Radios and other electronic devices must be battery-powered. What sort of battery - and does its capacity impose a limit on flight duration, or can they be recharged in flight with a turbine?


1 Answer 1


Gliders generally use "Gel Cell" or Sealed Lead Acid rechargeable batteries, a little bigger than a block of butter, that will run designed-for-glider low wattage radios, and sometimes transponders, and FLARM systems (a kind of TCAS) and various other gadgets, and are good for several hours of operation (the total current draw of all the services might be under 1A when not transmitting on the radio, so a 5 AmpH Gel Cell 12v battery might be plenty unless you are talking all the time). Enough for normal glider flights and tasks, and if necessary you can hook up a second one if expect to be out for more than 4-5 hours.
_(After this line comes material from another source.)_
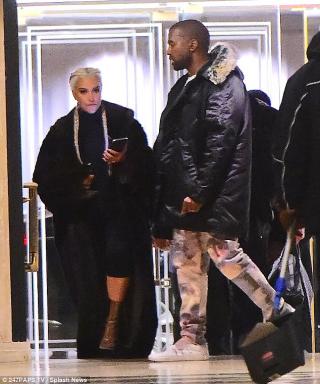 Kanye West thú nhận nợ nần hơn 1.000 tỷ đồng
Some newer batteries of the more exotic Lithium chemistry are starting to come on the scene, but the thing is the gel cells are light enough and are effective and trouble free, and don't require an STC (Supplemental Type Certificate; basically a 3rd party field modification), so the switch away from gel cells will be slow.

Recharging in flight with a turbine would be a real L/D killer so it's out of the question. Much better just to install provision for a second battery for long flights.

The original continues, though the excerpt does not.